Limo service operator charged
Crash on Saturday in Schoharie killed 20 people, including Ulster County man and his son-in-law
A limousine service operator was charged Wednesday with criminally negligent homicide for the weekend crash that killed 20 people, including an Ulster County resident, while police continued investigating what caused the wreck and whether anyone else will face charges.
Nauman Hussain’s lawyer said his client wasn’t guilty and that police were rushing to judgment.
The company, Saratoga Countybased Prestige Limousine, has come under intense scrutiny since Saturday’s crash in Schoharie, west of Albany, killed 18 people in a super-stretch limo, as well as two pedestrians.
One of the pedestrians who died was James Schnurr, 70, of Kerhonkson. Killed alongside him was his son-in-law, Brian Hough,
46, who lived upstate and was an assistant professor at SUNY Oswego.
Hussain hired a driver who shouldn’t have been behind the wheel of such a car, and the vehicle shouldn’t have been driven after state inspectors deemed it “unserviceable” last month, state police Superintendent George Beach said at a news conference Wednesday afternoon.
“The sole responsibility for that motor vehicle being on the road on Saturday rests with Nauman Hussain,” Beach said, though he noted investigators continued to look into whether anyone else should be held accountable.

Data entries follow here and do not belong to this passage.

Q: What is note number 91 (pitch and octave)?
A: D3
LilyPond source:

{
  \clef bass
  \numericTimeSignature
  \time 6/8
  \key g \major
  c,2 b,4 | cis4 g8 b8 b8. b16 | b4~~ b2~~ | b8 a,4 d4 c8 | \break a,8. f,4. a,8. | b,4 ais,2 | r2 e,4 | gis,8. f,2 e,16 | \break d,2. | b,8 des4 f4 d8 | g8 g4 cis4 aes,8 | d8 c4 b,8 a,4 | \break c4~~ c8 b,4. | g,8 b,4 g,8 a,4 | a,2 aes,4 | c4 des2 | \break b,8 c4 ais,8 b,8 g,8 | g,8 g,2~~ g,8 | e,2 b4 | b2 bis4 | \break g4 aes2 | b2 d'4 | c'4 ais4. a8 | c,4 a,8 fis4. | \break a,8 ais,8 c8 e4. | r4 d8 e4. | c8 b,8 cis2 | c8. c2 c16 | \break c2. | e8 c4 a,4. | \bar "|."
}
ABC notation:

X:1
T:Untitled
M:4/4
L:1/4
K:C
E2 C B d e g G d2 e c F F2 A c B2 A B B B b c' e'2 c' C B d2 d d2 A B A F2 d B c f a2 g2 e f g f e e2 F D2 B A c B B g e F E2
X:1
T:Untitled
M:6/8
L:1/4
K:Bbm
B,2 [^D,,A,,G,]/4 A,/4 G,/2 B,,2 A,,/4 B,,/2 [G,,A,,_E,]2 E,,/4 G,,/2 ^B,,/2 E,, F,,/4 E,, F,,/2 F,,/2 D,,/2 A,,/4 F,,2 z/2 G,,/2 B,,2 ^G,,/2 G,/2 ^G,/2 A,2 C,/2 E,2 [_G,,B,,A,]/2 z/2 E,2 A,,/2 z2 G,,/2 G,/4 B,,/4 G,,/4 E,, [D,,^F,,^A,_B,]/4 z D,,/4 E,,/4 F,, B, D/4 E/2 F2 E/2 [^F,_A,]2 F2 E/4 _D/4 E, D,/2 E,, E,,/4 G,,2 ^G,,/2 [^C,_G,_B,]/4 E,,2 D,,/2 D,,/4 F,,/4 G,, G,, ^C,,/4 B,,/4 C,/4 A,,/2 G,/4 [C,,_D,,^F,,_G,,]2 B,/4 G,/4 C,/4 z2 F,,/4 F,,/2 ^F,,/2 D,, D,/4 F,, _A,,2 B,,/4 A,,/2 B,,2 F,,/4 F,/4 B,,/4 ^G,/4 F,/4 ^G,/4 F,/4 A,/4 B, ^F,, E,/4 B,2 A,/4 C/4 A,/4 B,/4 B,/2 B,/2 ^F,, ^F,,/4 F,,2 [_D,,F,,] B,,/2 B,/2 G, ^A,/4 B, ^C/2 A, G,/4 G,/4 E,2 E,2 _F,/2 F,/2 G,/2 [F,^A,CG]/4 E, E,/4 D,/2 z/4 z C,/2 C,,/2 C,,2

As Hussain, 28, awaited arraignment, his lawyer, Lee Kindlon, said his client handled only marketing duties and phone calls, while his father ran the company, though police called the younger Hussain its operator.
“My client is not guilty,” Kindlon said. “The police jumped the gun in charging him with any crime.”
Under New York law, criminally negligent homicide involves not perceiving a substantial, unjustifiable risk that leads to someone’s death. It’s punishable by up to four years in prison.
Police charged Hussain with a single count of the crime involving all 20 victims. He was arrested Wednesday during a traffic stop on a highway near Albany.
Hussain has had a brush with law enforcement before. State police accused him and his brother of claiming each other’s names after a 2014 traffic stop, which happened while the brother was driving without a valid license.
Their father, Prestige Limousine owner Shahed Hussain, also has a history with law enforcement — as a government informant in terror plot investigations after the Sept. 11 attacks. One of those investigations snared four Newburgh-area men for plotting to blow up New York City synagogues and shoot down airplanes.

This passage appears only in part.